Abstract Objective Brain-derived neurotrophic factor (BDNF) and its receptor, tropomyosin receptor kinase B (TrkB), play a paramount role in the central regulation of energy balance. Despite the substantial body of genetic evidence implicating BDNF- or TrkB-deficiency in human obesity, the critical brain region(s) contributing to the endogenous role of BDNF/TrkB signaling in metabolic control remain unknown. Methods We assessed the importance of intact hypothalamic or hindbrain TrkB signaling in central regulation of energy balance by generating Nkx2.1-Ntrk2−/− and Phox2b-Ntrk2+/− mice, respectively, and comparing metabolic parameters (body weight, adiposity, food intake, energy expenditure and glucose homeostasis) under high-fat diet or chow fed conditions. Results Our data show that when fed a high-fat diet, male and female Nkx2.1 - Ntrk2 −/− mice have significantly increased body weight and adiposity that is likely driven by reduced locomotor activity and core body temperature. When maintained on a chow diet, female Nkx2.1 - Ntrk2 −/− mice exhibit an increased body weight and adiposity phenotype more robust than in males, which is accompanied by hyperphagia that precedes the onset of a body weight difference. In addition, under both diet conditions, Nkx2.1 - Ntrk2 −/− mice show increased blood glucose, serum insulin and leptin levels. Mice with complete hindbrain TrkB-deficiency ( Phox2b-Ntrk2−/− ) are perinatal lethal, potentially indicating a vital role for TrkB in visceral motor neurons that control cardiovascular, respiratory, and digestive functions during development.
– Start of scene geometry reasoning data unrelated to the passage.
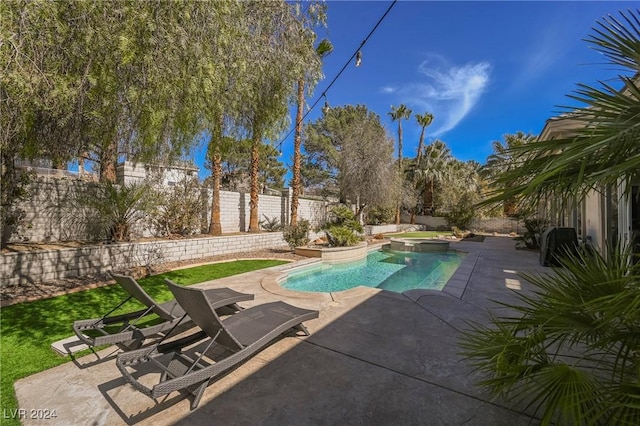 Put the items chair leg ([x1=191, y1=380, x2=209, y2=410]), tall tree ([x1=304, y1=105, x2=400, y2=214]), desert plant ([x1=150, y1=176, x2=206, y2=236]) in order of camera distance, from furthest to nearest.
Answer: tall tree ([x1=304, y1=105, x2=400, y2=214]) → desert plant ([x1=150, y1=176, x2=206, y2=236]) → chair leg ([x1=191, y1=380, x2=209, y2=410])

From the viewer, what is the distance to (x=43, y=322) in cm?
482

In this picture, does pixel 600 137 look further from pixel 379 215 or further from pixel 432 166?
pixel 432 166

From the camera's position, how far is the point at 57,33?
3.36 meters

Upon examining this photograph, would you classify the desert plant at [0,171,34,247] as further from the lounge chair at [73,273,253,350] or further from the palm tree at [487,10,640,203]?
the palm tree at [487,10,640,203]

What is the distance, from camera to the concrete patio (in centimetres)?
256

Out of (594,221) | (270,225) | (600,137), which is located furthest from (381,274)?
(600,137)

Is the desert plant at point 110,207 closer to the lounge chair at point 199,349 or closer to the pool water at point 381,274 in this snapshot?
the pool water at point 381,274

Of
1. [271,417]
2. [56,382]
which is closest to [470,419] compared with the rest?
[271,417]

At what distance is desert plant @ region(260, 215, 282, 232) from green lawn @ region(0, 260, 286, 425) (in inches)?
322

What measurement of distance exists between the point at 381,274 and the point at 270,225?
7919 mm

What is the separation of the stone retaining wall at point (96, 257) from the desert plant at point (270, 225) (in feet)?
14.5

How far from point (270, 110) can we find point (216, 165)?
7.83 metres

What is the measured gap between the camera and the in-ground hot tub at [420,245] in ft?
53.4

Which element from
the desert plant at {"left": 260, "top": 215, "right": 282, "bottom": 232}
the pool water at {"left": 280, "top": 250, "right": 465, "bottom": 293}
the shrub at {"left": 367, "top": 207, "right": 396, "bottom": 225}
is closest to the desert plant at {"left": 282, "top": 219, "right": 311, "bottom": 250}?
the pool water at {"left": 280, "top": 250, "right": 465, "bottom": 293} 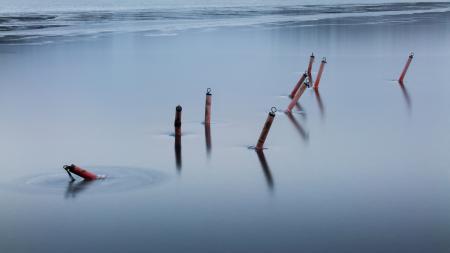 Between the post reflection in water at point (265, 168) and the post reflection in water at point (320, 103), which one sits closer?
the post reflection in water at point (265, 168)

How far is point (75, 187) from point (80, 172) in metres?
0.52

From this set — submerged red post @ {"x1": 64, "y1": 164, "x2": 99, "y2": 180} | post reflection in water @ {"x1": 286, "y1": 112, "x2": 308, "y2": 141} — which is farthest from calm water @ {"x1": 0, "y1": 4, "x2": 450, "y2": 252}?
Result: submerged red post @ {"x1": 64, "y1": 164, "x2": 99, "y2": 180}

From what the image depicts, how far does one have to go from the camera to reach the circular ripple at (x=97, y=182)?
20.4 metres

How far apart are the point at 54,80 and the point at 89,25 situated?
44300mm

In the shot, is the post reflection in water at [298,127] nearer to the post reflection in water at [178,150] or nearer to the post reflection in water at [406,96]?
the post reflection in water at [178,150]

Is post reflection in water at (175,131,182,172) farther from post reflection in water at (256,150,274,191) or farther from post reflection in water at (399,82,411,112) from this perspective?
post reflection in water at (399,82,411,112)

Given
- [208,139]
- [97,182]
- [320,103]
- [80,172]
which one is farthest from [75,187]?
[320,103]

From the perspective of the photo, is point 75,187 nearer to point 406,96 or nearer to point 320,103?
point 320,103

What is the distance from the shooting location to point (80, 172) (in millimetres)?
21031

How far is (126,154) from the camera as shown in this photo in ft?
80.5

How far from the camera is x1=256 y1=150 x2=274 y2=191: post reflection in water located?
21.2 metres

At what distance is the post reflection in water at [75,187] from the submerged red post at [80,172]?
117mm

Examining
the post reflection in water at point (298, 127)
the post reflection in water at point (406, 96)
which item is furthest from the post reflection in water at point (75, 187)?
the post reflection in water at point (406, 96)

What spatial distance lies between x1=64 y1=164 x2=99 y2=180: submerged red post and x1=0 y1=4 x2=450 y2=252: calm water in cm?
41
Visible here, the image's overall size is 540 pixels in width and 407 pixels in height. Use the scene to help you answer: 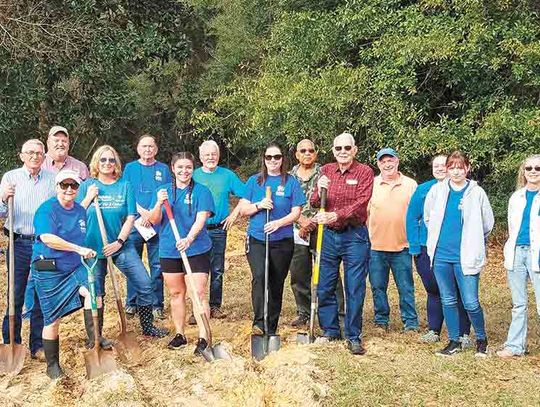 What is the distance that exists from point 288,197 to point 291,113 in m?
6.90

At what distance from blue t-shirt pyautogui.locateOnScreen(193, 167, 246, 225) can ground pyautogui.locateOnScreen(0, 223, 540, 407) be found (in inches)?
55.9

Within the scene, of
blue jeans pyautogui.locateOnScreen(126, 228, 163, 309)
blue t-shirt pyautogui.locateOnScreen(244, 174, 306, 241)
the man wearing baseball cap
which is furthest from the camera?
blue jeans pyautogui.locateOnScreen(126, 228, 163, 309)

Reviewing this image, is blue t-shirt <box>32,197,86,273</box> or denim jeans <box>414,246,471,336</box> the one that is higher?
blue t-shirt <box>32,197,86,273</box>

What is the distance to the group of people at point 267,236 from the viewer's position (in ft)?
19.4

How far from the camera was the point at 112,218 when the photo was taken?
22.1ft

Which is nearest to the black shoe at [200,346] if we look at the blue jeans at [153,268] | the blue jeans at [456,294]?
the blue jeans at [153,268]

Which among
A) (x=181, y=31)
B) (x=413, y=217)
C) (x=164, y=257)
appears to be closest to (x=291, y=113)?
(x=181, y=31)

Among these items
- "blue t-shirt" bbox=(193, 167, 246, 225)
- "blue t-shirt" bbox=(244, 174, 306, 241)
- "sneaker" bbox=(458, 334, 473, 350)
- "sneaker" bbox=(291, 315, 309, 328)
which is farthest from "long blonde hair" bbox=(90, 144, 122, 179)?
"sneaker" bbox=(458, 334, 473, 350)

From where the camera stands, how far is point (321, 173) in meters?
6.59

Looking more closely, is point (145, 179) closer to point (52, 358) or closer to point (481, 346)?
point (52, 358)

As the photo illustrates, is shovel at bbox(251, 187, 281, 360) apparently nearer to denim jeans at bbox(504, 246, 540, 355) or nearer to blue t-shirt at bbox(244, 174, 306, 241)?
blue t-shirt at bbox(244, 174, 306, 241)

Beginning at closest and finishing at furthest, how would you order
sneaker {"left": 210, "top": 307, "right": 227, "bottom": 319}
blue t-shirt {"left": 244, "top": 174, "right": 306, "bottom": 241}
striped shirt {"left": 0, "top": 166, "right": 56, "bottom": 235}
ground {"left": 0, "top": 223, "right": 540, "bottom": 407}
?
ground {"left": 0, "top": 223, "right": 540, "bottom": 407}
striped shirt {"left": 0, "top": 166, "right": 56, "bottom": 235}
blue t-shirt {"left": 244, "top": 174, "right": 306, "bottom": 241}
sneaker {"left": 210, "top": 307, "right": 227, "bottom": 319}

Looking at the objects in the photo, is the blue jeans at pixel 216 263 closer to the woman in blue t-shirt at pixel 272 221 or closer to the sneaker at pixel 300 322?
the sneaker at pixel 300 322

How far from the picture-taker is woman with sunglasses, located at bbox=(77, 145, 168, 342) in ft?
21.7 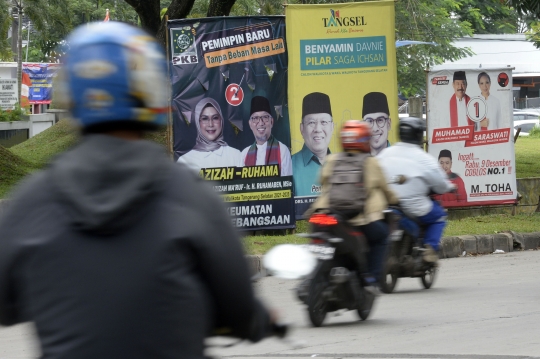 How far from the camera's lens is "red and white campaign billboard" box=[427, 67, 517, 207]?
14.1 metres

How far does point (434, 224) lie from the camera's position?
28.9ft

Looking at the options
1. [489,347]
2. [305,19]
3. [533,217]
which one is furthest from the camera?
[533,217]

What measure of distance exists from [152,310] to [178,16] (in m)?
16.0

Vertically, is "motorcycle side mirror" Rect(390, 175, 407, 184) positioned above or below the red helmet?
below

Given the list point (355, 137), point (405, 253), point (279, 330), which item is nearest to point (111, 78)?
point (279, 330)

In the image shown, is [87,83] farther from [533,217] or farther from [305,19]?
[533,217]

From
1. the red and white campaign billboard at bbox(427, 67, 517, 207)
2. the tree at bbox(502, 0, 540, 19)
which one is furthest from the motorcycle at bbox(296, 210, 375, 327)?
the tree at bbox(502, 0, 540, 19)

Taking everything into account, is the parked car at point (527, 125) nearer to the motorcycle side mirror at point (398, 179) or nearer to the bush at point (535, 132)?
the bush at point (535, 132)

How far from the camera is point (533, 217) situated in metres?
14.4

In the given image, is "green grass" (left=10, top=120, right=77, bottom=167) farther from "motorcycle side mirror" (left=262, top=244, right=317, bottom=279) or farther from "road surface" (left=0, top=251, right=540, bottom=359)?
"motorcycle side mirror" (left=262, top=244, right=317, bottom=279)

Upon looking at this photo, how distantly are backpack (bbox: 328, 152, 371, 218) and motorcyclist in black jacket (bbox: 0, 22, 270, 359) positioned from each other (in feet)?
16.0

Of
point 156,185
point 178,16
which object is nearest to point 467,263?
point 178,16

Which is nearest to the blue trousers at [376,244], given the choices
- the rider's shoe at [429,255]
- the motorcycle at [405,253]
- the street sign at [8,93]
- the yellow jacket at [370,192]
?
the yellow jacket at [370,192]

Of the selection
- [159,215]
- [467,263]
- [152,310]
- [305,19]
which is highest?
[305,19] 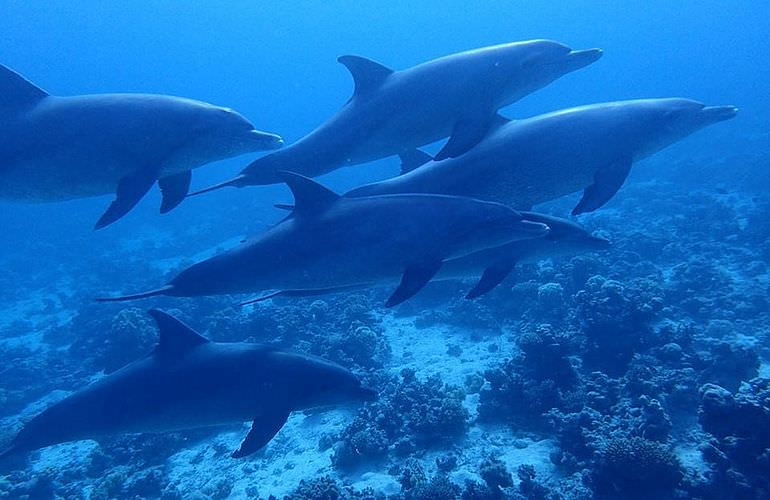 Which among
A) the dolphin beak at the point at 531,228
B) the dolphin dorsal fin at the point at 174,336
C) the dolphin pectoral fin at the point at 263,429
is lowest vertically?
the dolphin pectoral fin at the point at 263,429

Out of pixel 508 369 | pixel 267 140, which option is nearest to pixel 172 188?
pixel 267 140

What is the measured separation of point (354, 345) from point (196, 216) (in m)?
35.8

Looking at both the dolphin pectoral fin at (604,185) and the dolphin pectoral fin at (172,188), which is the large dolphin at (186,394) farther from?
the dolphin pectoral fin at (604,185)

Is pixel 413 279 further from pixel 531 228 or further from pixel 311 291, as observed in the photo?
pixel 531 228

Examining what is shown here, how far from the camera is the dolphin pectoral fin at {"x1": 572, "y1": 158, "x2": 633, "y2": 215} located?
17.7 ft

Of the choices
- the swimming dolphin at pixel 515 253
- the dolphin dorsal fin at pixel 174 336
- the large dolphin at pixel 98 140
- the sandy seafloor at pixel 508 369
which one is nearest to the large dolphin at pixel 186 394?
the dolphin dorsal fin at pixel 174 336

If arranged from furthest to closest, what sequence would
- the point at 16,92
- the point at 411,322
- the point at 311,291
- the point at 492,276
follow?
the point at 411,322 < the point at 492,276 < the point at 311,291 < the point at 16,92

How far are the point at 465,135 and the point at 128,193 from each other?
3.68m

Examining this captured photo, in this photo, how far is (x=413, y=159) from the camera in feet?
20.5

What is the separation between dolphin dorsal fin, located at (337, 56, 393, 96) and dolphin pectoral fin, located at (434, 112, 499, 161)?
44.2 inches

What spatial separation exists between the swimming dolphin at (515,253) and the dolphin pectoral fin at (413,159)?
1.34 meters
Phox2b-Ntrk2+/− heterozygous mice are similar in body weight, adiposity and glucose homeostasis parameters compared to wild type littermate controls when maintained on a high-fat or chow diet. Interestingly, despite the absence of a body weight difference, Phox2b-Ntrk2+/− heterozygous mice exhibit pronounced hyperphagia. Conclusion Taken together, our findings suggest that the hypothalamus is a key brain region involved in endogenous BDNF/TrkB signaling and central metabolic control and that endogenous hindbrain TrkB likely plays a role in modulating food intake and survival of mice. Our findings also show that female mice lacking TrkB in the hypothalamus have a more robust metabolic phenotype.